Another Country: Hungry Children and the Quest for Four Big Pots 

Another Country: Hungry Children and the Quest for Four Big Pots 
Caring for the Nation: Volunteers from Londani Lushaka carry pots of food to the spot where hungry people are lined up.

If Alexandra was sitting on a westward facing hill it would look directly over to Sandton, accusingly. Instead it faces to the East and is invisible to its well-heeled neighbour. Another country. This makes it possible for those who live and work in Africa’s richest square mile to ignore the suffering to which they are umbilically connected and to shun their responsibilities even in a time of crisis. But this article is not a story about guilting the rich; it is a positive story about those who get on with the business of saving lives, oblivious to their hardened wealthy neighbours. As if they live in another country. It’s a kind of fairytale.

Children line up for their daily meal. Photo: Mark Heywood

On any given week day at around 1.15pm on a corner of 11th Street in Alexandra you will see children begin to gather in a line outside the Thusong Youth Centre. They are of all ages, but are mostly very young. They wear masks of many shapes and colors and carry empty plastic containers.

As the minutes pass the line grows and snakes down the alley way into the street.

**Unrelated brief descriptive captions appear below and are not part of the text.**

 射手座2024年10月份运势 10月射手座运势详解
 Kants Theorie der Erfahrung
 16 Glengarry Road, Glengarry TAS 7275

It is marshalled by volunteers.

This little one is hardly able to carry the food. Photo: Mark Heywood

“Social distancing, social distancing” is the cry as the kids separate – making an arm’s distance from their neighbour – and quickly come back together again, until the next cry of “social distance, social distance”, when they separate again.

At the gate to the yard that is the plot on which Londani Lushaka (‘Caring for the Nation’) has its home, there is another volunteer, spraying hand sanitiser and checking the special permits the kids carry before they are allowed in; then into another line, that takes them closer to the women who dish out food.

This youngster arrived prepared with a face screen. Photo: Mark Heywood.

When they eventually get to the front of the queue the children give their names to a volunteer who writes it down in a register. Then they get five slices of bread (86 loaves are delivered daily by Albany), rice or samp (pap on a good day), cabbage and a mix of tomato, carrots and pumpkin (surplus food donated several times a week by SA Harvest, an organisation that “collects quality surplus food in refrigerated vehicles from a variety of sources and delivers it direct, without delay, and free of charge, to a wide variety of organisations that feed food-vulnerable people on a daily basis”).

A volunteer checks the list of names. Photo: Mark Heywood.

The food is not eaten on site. The little bodies turn round, take their now full bakkies and disappear back into the warren of houses and shacks that is Alex.

For many of the 600 children this is the only meal they will eat for the day.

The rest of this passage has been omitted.